The company, now privately held, told its dealers on Friday that its financing arm, Chrysler Financial, would stop offering leases as of Aug. 1, a move that comes as plummeting resale values of gas-thirsty trucks and sport utility vehicles turn lease deals on those vehicles into big money losers for the Detroit automakers.  

On Thursday, the Ford Motor Company took a $2.1 billion write-down in the second quarter, part of an $8.7 billion loss for Ford over all, related to unprofitable leases held by its finance arm, the Ford Motor Credit Company.  

James E. Press, a co-president of Chrysler, said the carmaker would divert money it had been spending to subsidize leases toward offers that make traditional financing more affordable.
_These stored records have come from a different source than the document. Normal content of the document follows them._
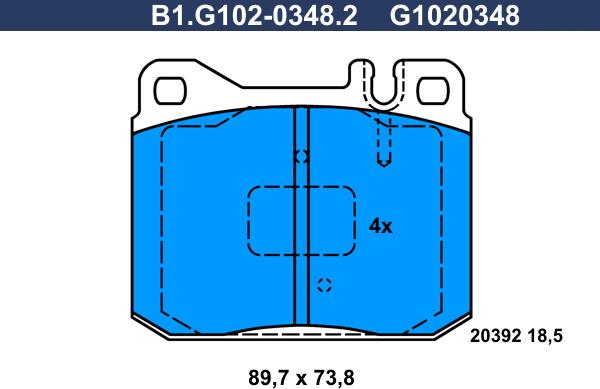 Galfer B1.G102-0348.2 - Тормозные колодки, дисковые, комплект unicars.by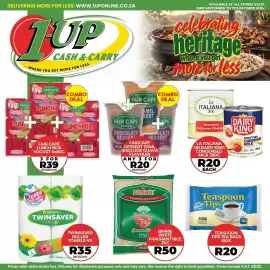 1UP catalogue Page 11: La Italiana or Dairy King Sweetened Condensed Milk €20,00, BIMRIE WHITE FRAGRANT RICE €50,00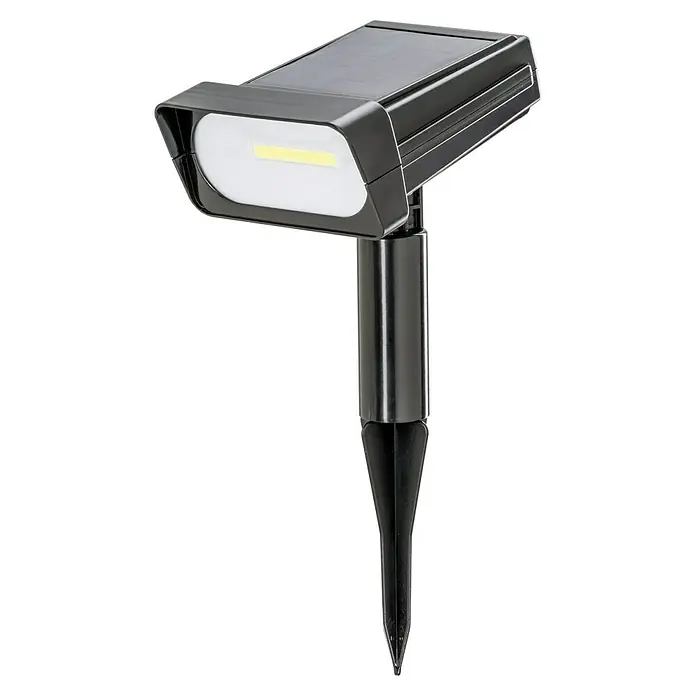 BAUHAUS Solar-Erdspieß - L x B x H: 14 x 12 x 31 cm, Schwarz, IP44, 50 lm - Solarbetriebene Gartenleuchte mit Erdspieß. Die schwarze Leuchte spendet Licht und ist einfach zu installieren.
He said Chrysler would offer discounts so that many customers who financed a vehicle would end up with about the same monthly payment that they would have had in a lease.  

At Shuman Motor Sales, a Chrysler and Jeep dealership in Walled Lake, Mich., the general sales manager, Chris Brough, said leases accounted for 85 percent of the dealership’s business. Mr. Brough said ending leases would mean lower volume at first but that the change would make his dealerships and others healthier in the long run.  

“I’m looking forward to it,” he said. “We made more money when we sold cars as opposed to leasing them — when people saw value in the car rather than just the monthly payment.”  

Lease payments are calculated according to how much of its value a vehicle is expected to lose during the length of the lease, and often have little correlation to the car’s actual price. Most of the larger vehicles under lease are now worth far less than they were expected to be worth, meaning lenders will lose money when they sell those vehicles after the lease ends.  

In the last year alone, resale values dropped 12 percent for large pickup trucks and 11 percent for large S.U.V.’s, according to the Power Information Network.  

Because leasing can make expensive vehicles cheaper to drive than lower-priced ones, it had begun playing the same type of role in the vehicle market that interest-only and adjustable-rate loans had in weakening the housing market, Mr. Press said.  

“Leasing was being used in some cases to get people into product who probably economically shouldn’t have been in leases,” he said.